Staples (the Edible Kind) Episode 1

Jan 20, 2010 20:47

 Alright--being creative is great and all, but sometimes we just need a staple to fall back on once in a while when there's no time or desire to think.  Today is one of those days; a snow day where I just didn't feel like thinking!  So, to start this new series, here's a dinner staple that I've been doing very well with for the last few years:

Three-Piece Instant (Healthy) Dinner

Ingredients:

Lean protien
Grain or potato
Frozen Veggies

Directions:

I know, some of you are thinking; why do I need a recipe for this?  Well, some of us (me) at some point (when I joined WW and now and most likely again in the future) need a kick in the pants about how to portion our meals (again, mostly me).  Here's what I learned:

1.  Choose a lean protein (usually I go with a boneless chicken thigh or a pork chop...tonight it happened to be steak!).  Season appropriately.
~Steak:  salt and pepper usually works for this.  Use grilling seasoning if you need more.
~Pork chop:  Lemon-pepper (so tasty!) or salt/pepper/garlic powder
~Chicken:  Lemon-pepper, chili spice rub, or salt/pepper/garlic powder
~Fish:  Salt/pepper/garlic powder.  Or dill weed and lemon juice
To cook, I'd wait until the rice is almost done.  Heat a pan to med-hi heat.  Melt some butter, then add the meat.  Cook about 2 min on each side.  (3 for pork/chicken).  You don't want to dry it out, so keep an eye!

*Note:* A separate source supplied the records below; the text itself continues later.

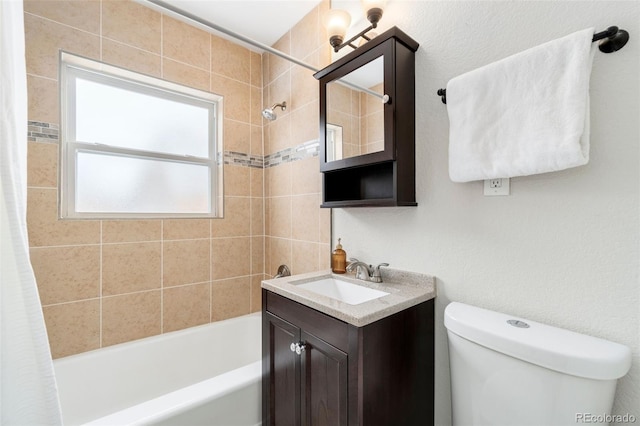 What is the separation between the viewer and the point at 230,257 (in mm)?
2141

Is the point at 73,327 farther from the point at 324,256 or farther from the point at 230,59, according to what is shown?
the point at 230,59

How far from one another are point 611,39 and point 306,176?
144cm

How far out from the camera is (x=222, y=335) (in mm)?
2020

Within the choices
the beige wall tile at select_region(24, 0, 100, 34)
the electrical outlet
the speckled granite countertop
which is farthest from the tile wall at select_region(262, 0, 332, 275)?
the beige wall tile at select_region(24, 0, 100, 34)

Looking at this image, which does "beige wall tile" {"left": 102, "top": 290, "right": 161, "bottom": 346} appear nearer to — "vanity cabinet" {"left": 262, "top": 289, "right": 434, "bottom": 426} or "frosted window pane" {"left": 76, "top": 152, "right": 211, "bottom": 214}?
"frosted window pane" {"left": 76, "top": 152, "right": 211, "bottom": 214}

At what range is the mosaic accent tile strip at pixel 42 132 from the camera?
4.82ft

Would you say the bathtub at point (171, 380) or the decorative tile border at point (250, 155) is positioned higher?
the decorative tile border at point (250, 155)

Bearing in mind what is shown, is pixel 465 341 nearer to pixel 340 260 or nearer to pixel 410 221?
pixel 410 221

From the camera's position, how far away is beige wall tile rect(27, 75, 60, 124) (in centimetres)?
147

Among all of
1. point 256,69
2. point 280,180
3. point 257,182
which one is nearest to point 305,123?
point 280,180

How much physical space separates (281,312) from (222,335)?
3.59 feet

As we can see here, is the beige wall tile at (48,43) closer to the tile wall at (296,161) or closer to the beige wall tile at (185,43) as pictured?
the beige wall tile at (185,43)

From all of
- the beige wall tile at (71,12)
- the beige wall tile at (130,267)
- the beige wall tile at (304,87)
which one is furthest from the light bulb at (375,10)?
the beige wall tile at (130,267)

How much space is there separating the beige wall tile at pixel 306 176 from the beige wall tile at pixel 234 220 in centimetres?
49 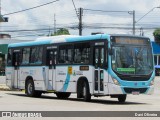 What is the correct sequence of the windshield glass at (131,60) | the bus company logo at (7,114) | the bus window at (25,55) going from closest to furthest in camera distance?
the bus company logo at (7,114)
the windshield glass at (131,60)
the bus window at (25,55)

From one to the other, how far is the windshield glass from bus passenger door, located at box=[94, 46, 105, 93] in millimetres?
606

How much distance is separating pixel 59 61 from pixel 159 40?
60.9 metres

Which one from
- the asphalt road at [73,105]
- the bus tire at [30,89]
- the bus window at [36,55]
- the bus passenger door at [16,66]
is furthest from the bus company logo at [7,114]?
the bus passenger door at [16,66]

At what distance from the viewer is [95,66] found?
2242cm

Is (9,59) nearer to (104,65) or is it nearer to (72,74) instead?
(72,74)

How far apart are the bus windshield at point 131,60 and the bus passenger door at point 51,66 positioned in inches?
183

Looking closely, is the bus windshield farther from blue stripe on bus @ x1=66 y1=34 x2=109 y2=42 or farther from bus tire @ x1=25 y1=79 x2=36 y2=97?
bus tire @ x1=25 y1=79 x2=36 y2=97

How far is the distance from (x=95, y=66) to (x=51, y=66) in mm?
4041

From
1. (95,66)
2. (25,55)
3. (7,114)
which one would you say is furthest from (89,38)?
(7,114)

2.  Choose a grain or potato.  Remember, this will be the longest cooking part of the meal.  Rice works well (tonight it was red rice and wild rice mix).  Boil the right amount of water (2-2 1/2 C).  When boiling, add the rice and a little chicken bullion (optional).  Simmer for 15-25 minutes (or if you're me, 10 years and you still end up draining the water!)
~For potatoes, rinse, prick with a fork, wrap in a paper towel, and nuke 'em for 4 minutes each.  Fast and easy!
~Other good choices:  couscous (about 5 min), quinoa (don't forget to rinse!)

3.  Choose your veggies.  I enjoy mixes (broccoli/cauliflower/carrots, peas/carrots, etc.).  Place desired amount in a microwave safe bowl and defrost for ~2-3 min on high (covered).  When defrosted but not "hot", add a bit of butter, s/p, and garlic powder.  nuke for another 2 minutes.

So there you have it; for a night where you don't want to think, here's a simple meal that's ready in less than 30 minutes (again, unless you're me and the rice takes FOREVER to cook!).

Tonight's dinner was:
~ Beef chuck steak 6 oz. (thin sliced, makes it look bigger and cook faster) seasoned with s/p/garlic powder, browned in butter
~ Red rice/wild rice combo (1/2 C of each) seasoned with 1 tsp chicken bullion in the water
~"California Blend" frozen veggies (broccoli/cauliflower/carrots) seasoned with butter and garlic powder

Cooking time: 30 minutes
Calories (for one): 565 (would be lower with a different meat!)

I'll continue with staples posts sporadically.  Sometimes it helps to think of simple things alongside the creative ones.  Good night all!  Happy snow!